The university stated online: “The lectures examine the framework for a lifetime spent championing an idea espoused by his Georgetown professor Carroll Quigley: that America is the greatest nation in history because our people have always believed in two things — that tomorrow can be better than today and that every one of us has a personal, moral responsibility to make it so.”
The first of the Clinton lectures came in 2013, when the former president spoke on his background and the purpose of service.

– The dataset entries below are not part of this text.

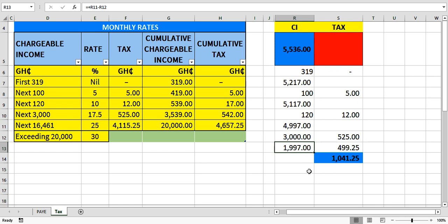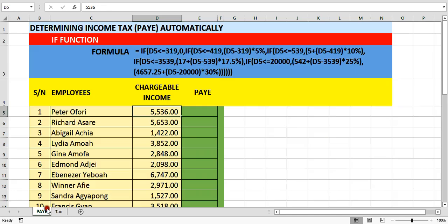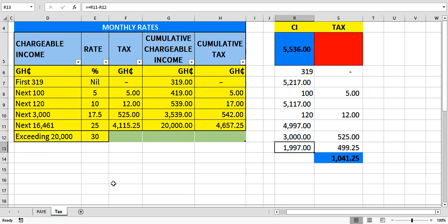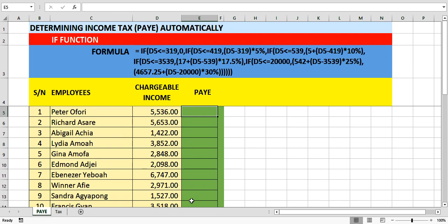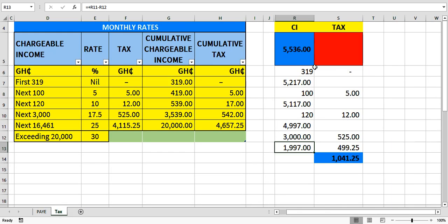Doing this manually takes a lot of time. If you come to your payroll here where we are determining PAYE for about 20 employees, you cannot waste time doing this calculation for each one. So we need a formula — once we get it for Peter, we replicate it down to calculate the tax for all other employees. We did the manual version so we can compare it with the automatic calculation and verify we did the right thing.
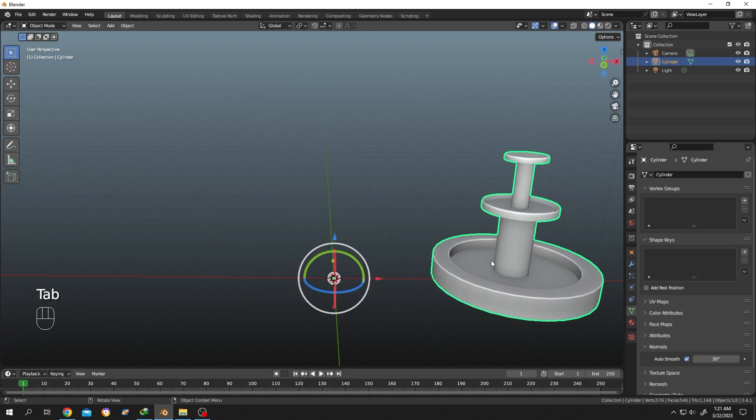Now if we tab to object mode, as you can see our object origin has changed. I will show you both how to center the origin and also how to properly place your origin.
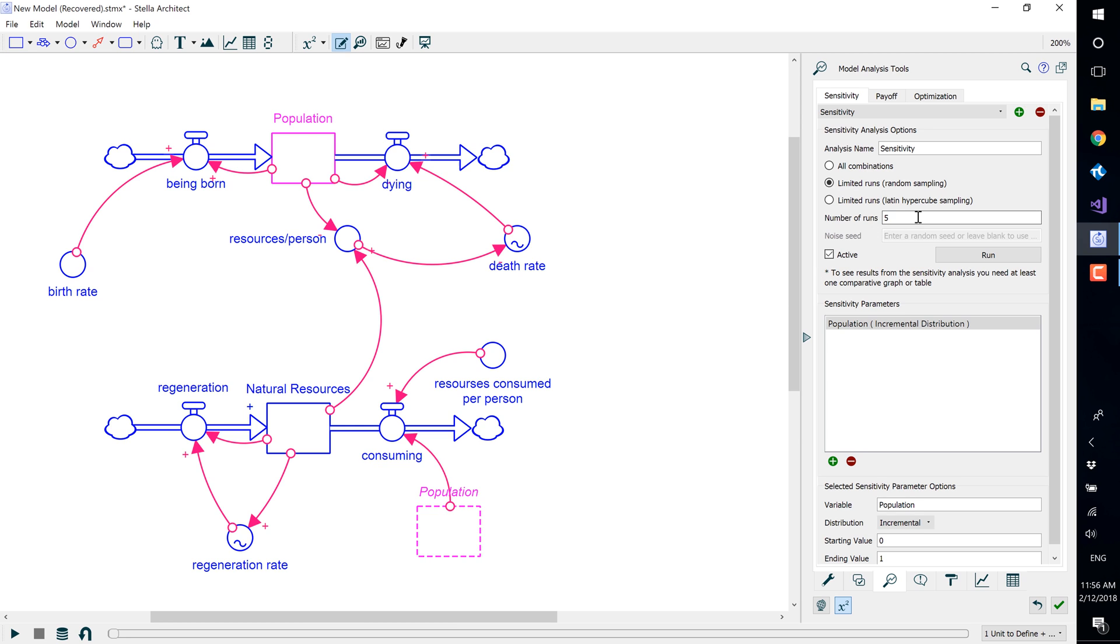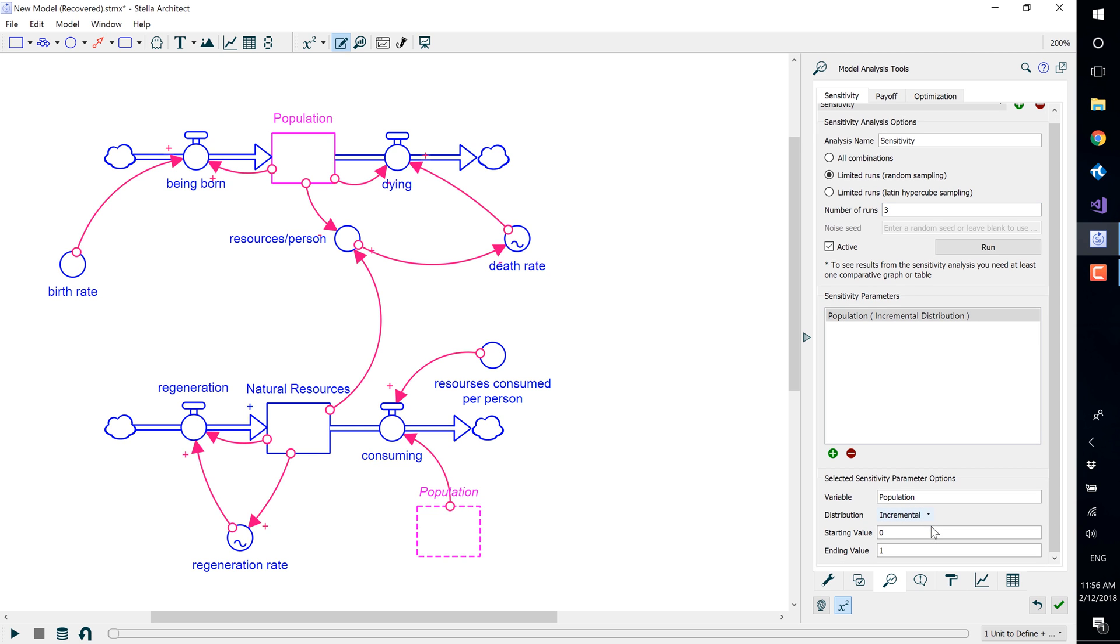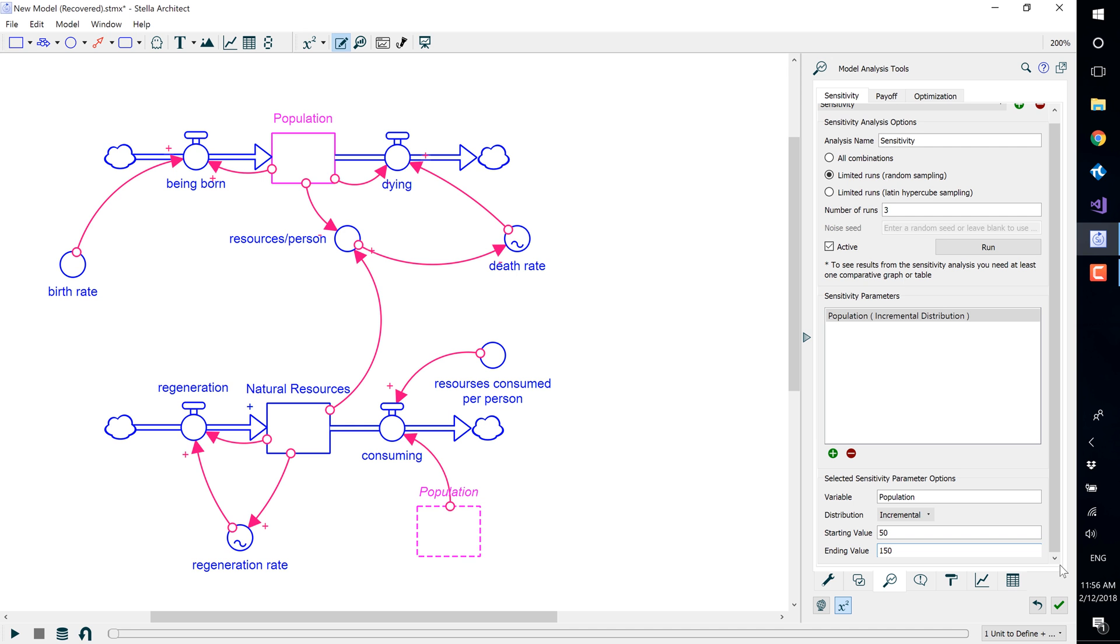Set the number of runs to 3 and set the distribution to incremental. Choose a starting value of 50 and an ending value of 150. Select the green check mark to confirm this setup.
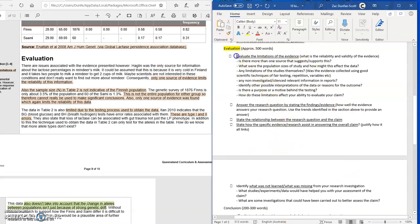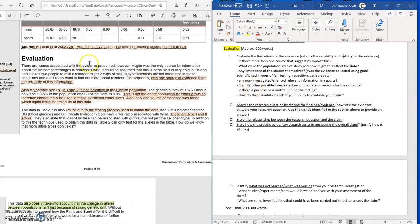The first main part of the evaluation is evaluating the limitations of the evidence. This means we look at the reliability and validity of the evidence — essentially how well was this evidence actually created and are there any issues with it. You've been given some dot points to consider, and you don't have to comment on every single one — some might not be applicable to your evidence. The first thing to consider is: is there more than one source that suggests or supports this?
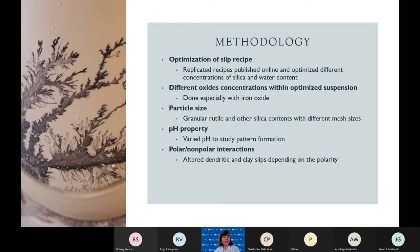At first, the experiments did not have a particular set path or structure because we focused on optimizing the slips found online. If the slips did not work, water content and silica content were changed. Eventually, when the recipe for clay slip and oxide slip were optimized, different oxide concentrations were used within the optimized suspension — for example, iron oxide content could be doubled or halved to observe the results. In terms of particle size, we experimented with different silica content. Depending on the mesh of the silica or individual particle size, the result will change. We also experimented with pH properties and polar and non-polar interactions, either acidifying the slips or removing the acid content completely, and in other cases doubling the apple cider vinegar content to observe the changes.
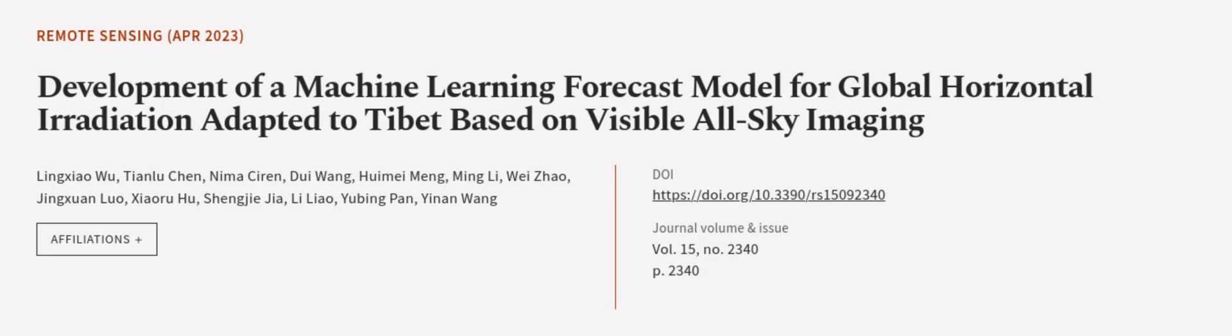This article was authored by Lei Xiaowu, Tianluqian, Nimitzirin, and others.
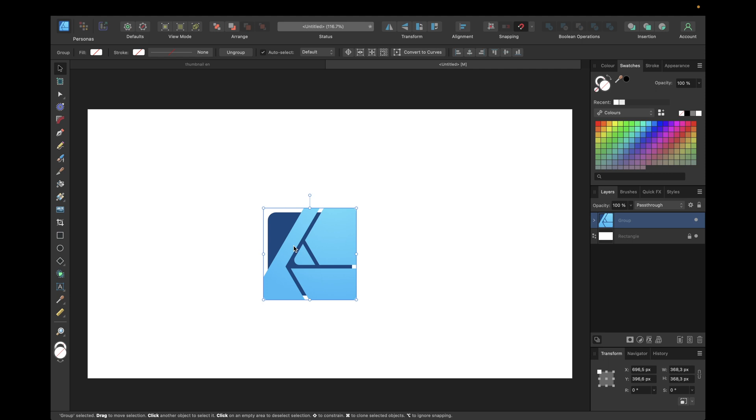First we need to select the object and then we need to navigate in the layers tab right here to warp which is the new feature in Affinity Designer version 2 which allows us to change the perspective of objects.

Clinton returned last year to argue the importance of public policy in a defense of Obamacare. There is no word yet on what Clinton is set to talk about tomorrow but it’s unlikely that he goes to bat for his wife’s presidential campaign – yet. He told Town & Country that his role “should primarily be as a backstage adviser” until the end of the campaign.
Clinton gave a series of talks at Georgetown University in 1991, as well, as he ramped up his own presidential campaign. In those three lectures, Clinton laid out a “New Covenant” on community, the economy and American security.
In a bit of happenstance, Clinton’s former foreign policy ally, ex-British Prime Minister Tony Blair will speak at Georgetown on Thursday, April 23, on “The Global Future of Development.” The university wrote online that his speech continues “a semester-long conversation” on the topic convened by the school’s new Global Futures Initiative, which invites world leaders in the public sector, business, and civil society to engage with the university community around critical issues.